A ausência de dados analíticos nesse período reforça a necessidade de olhar mais atentamente para ele. Uma pesquisa da LCA Consultores, também com base em informações do CAGED, mostrou que, entre trabalhadores com carteira assinada no Brasil, 36% mudaram de emprego voluntariamente ao longo de um ano — o maior percentual desde 2004.
Um dos sinais mais evidentes da intenção de mudança profissional está no aumento dos pedidos de movimentação interna. “No fim do ano, cresce a busca por mudanças de área ou de função: um movimento que pode revelar problemas estruturais. Essas movimentações costumam indicar falhas na gestão, lacunas no desenvolvimento de carreira ou desalinhamentos que não foram endereçados ao longo do ciclo”, afirma Augusto.
Outro alerta importante aparece nas vagas que permanecem abertas até dezembro sem avanço significativo. Quando isso acontece, o impacto tende a ser direto no primeiro trimestre do ano seguinte. Muitas vezes, os entraves entre liderança e recrutamento já estão claros, mas acabam sendo adiados sob a justificativa de “esperar o ano virar”.
Marca empregadora em jogo
Além dos impactos internos, dezembro também é um período decisivo para a marca empregadora, ou seja, a forma como a empresa é percebida por quem já trabalha nela e por profissionais que avaliam uma possível mudança de emprego. É justamente nesse momento que muitos profissionais começam a planejar transições de carreira para o início do ano seguinte. Se a empresa se mostra ausente, desorganizada ou com processos pouco claros nas semanas finais do ano, perde espaço no momento de maior intenção de mudança.
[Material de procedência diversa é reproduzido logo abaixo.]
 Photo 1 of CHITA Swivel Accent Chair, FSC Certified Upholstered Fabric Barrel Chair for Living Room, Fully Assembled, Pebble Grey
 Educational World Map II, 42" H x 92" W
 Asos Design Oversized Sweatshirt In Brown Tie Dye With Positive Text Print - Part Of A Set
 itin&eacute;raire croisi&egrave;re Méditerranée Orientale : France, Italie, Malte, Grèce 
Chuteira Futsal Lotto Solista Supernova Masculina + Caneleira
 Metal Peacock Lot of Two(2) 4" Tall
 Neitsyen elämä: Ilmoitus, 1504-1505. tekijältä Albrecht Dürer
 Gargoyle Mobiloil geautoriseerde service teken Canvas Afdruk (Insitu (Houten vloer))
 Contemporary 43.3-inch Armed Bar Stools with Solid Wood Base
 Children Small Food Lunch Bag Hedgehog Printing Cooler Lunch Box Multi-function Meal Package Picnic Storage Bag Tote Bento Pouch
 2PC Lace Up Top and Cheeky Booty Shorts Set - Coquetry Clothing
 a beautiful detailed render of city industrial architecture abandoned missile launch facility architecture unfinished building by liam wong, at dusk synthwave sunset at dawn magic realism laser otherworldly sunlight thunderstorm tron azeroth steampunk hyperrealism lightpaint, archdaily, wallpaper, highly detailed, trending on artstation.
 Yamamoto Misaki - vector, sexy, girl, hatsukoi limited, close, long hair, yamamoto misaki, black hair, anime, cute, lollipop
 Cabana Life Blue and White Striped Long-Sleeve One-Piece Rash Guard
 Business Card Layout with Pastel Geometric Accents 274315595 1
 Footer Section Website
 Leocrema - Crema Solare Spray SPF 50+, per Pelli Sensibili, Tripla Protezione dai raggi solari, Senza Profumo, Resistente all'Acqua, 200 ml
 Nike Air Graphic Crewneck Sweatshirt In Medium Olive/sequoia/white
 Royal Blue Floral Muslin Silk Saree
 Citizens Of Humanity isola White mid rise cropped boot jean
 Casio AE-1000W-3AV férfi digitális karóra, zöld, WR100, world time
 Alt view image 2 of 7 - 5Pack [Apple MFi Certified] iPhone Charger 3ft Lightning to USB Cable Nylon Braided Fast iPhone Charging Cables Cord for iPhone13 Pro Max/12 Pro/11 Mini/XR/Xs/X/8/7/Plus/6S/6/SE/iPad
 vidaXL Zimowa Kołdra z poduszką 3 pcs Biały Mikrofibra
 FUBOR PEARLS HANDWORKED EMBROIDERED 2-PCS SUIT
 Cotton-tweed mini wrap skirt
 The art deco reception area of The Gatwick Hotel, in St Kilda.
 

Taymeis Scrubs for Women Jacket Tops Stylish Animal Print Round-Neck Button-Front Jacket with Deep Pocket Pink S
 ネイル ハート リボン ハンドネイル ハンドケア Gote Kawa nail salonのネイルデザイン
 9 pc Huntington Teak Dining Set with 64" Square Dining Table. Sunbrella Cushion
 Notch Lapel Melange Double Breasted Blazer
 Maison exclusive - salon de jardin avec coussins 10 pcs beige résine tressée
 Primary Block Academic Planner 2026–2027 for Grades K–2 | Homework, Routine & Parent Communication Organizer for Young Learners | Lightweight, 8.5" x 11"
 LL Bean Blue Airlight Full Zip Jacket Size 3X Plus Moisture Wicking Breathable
Augusto compara esse cenário à lógica dos consumer insights. No contexto do RH, explica, o comportamento analisado é o de colaboradores, candidatos e gestores. Dezembro concentra um volume expressivo desses dados e oferece uma leitura privilegiada sobre expectativas, frustrações e intenções futuras.
Planejamento mais realista para o ano seguinte
Quando o RH passa a interpretar esses sinais, os ganhos vão além da área. A análise estruturada de dezembro permite antecipar riscos de saída, revisar estruturas desalinhadas, ajustar metas de contratação e desenhar estratégias de retenção mais precisas. “Esses dados ajudam inclusive a orientar o núcleo financeiro sobre riscos orçamentários futuros, com base em comportamento real, e não em suposições”, afirma o executivo.
Para isso, Augusto recomenda que líderes de RH criem rotinas específicas de análise para o período, comparem os dados com ciclos anteriores e transformem as reuniões de encerramento em espaços reais de escuta. Em sua visão, tratar dezembro apenas como um encerramento é um erro estratégico. “Ele deveria ser visto como ponto de partida para o planejamento do ano seguinte.”
Portanto, ignorar os sinais desse mês é desperdiçar uma vantagem competitiva importante. “Trata-se de uma espécie de pesquisa de mercado pronta, baseada em dados reais, atualizados e de alto impacto para as decisões do próximo ciclo, mas que ainda passa despercebida em muitas organizações”, conclui Augusto.